Why Do Workers Turn To Unions?

Why do workers turn to unions?

While it’s true that fewer workers are joining unions these days, some still seek out membership. Once a union gets involved (even before they represent employees), employers must spend time and money dealing with them as a third party. On top of that, indirect communication, misunderstanding and differing objectives can all negatively impact the relationship between employers and their employees. These factors can all lead to a drop in productivity, but the situation can be avoided if companies are proactive and intentionally work to create a UnionProof culture.

Why Do Some Workers Seek Out a Union?

If you asked those workers seeking out union representation why they felt it was necessary, you’d get all kinds of reasons. They might explain that they felt like their opinions weren’t being listened to. They might have had concerns over fair treatment in the workplace, or they may feel under pressure from colleagues or union representatives. Whatever the reason, the real root of the problem is a sense of powerlessness, the idea that the decisions that affect them are being made around them, and that they aren’t “in on things.”

That’s a problem that can begin at any level of a company when leaders don’t explain the reasons behind management decisions, but it’s one that can be avoided if company management is listening – and takes action.

Creating a UnionProof culture

Every company has the power to offer employees the things that ensure a good working relationship. This strategy would include a range of policies that address employee needs, such as:

  • Opportunities for advancement, creating job security
  • Excellent compensation and benefit programs
  • Proactive personnel department
  • Regular and effective communication channels

Making employee satisfaction a priority creates a climate of trust and confidence among workers. By fostering a proactive and positive working climate, a company can actually make unions redundant – because who wants to pay some third-party for services they’re already getting for free?

Other systems a company might put in place to minimize the perceived need for a union include:

An Open-Door Policy

Companies that implement a true open-door policy find that it’s a highly successful way of enabling workers to raise concerns and grievances. Having a policy that invites interaction ensures that all workers within a company are treated equally and fairly – and it makes sure leaders are effective, approachable and in the loop. Some employers also provide employees the option of voicing concerns or making suggestions anonymously. This option is likely to encourage workers to raise concerns they feel uncomfortable voicing in person, but on which they might turn to a third party for resolution. Even more importantly, managers and employers will be made aware of important issues that no one is vocalizing.

Frequent Meetings + “Expected Impromptu Meetings”

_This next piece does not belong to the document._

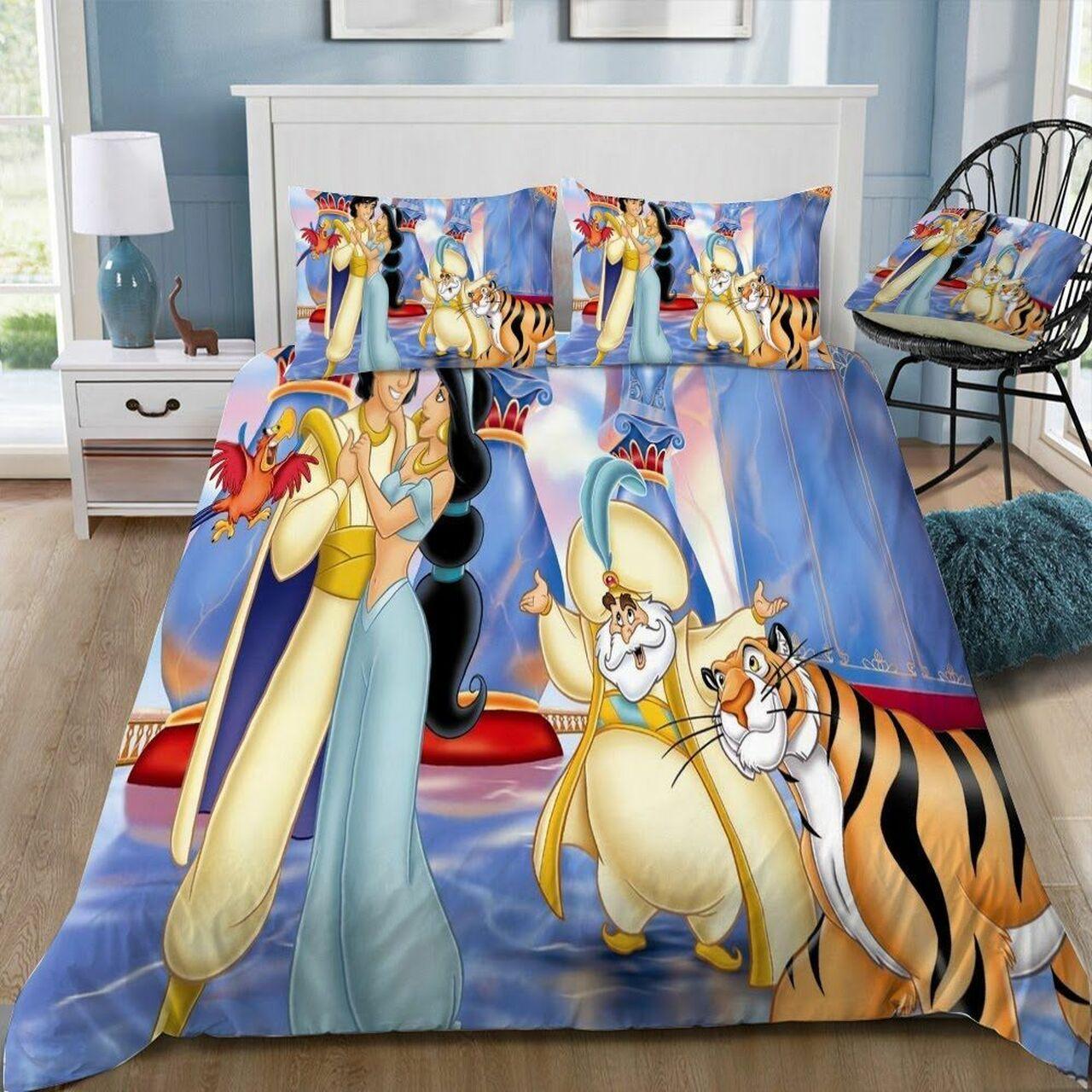 Disney Aladdin 7 Beautiful Decor For Disney Fan Bedding Set Duvet Cover Meaningful Gift For Love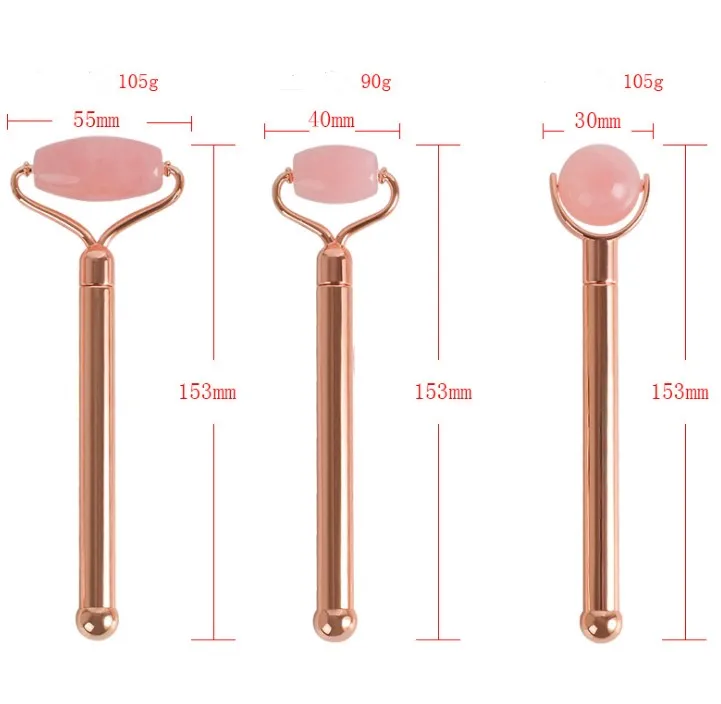 3 in 1 Rose Quartz Roller Set Removable Replacement Jade Face Roller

Communication is key in understanding between a company and its workforce. Regular, planned meetings between employees and management to discuss both potential and present problems are vital. Equally important is calling meetings to discuss issues that come up unexpectedly. When employers make sure leaders are available, workers know they don’t need a third party.  This kind of meeting is an excellent opportunity for workers to raise their immediate concerns with those in a position to act on the information. When workers feel like their voices are being heard it gives them a sense of empowerment, essentially taking the power from the unions and putting it into the hands of employees and their employers.

Common Goals

As a part of these regular meetings, employers need to be clear about the goals and motivations that drive the company – including a union-free operating philosophy. Working toward a common objective allows employees to feel like they are part of something, not just a means to an end for the company. Fostering understanding of common goals – whether they are monetary or otherwise – means the entire team is more likely to identify with culture of the organization, removing any idea of an “us vs. them” mentality

Prioritize Communication

Last, but certainly not least, effective communication is without a doubt the most important union avoidance strategy in making sure employees feel heard. Over at SnackNation, they shared their favorite motivational videos for teams, and those are just a few good ones. Creating your own custom-produced videos can convey your company’s most important messages powerfully, leaving a lasting impression.

Begin to convey this inclusive mindset with effective onboarding, and continue that effort with regular discussions on the company’s philosophy. From there, let employees know that your open door policy isn’t just lip-service! Have regular and frequent meetings – not long, drawn-out meetings that leave employees with barely a recollection of what was discussed! Incorporate video, websites and eLearning into your UnionProof culture, and you’ll never have to wonder why employees turn to unions.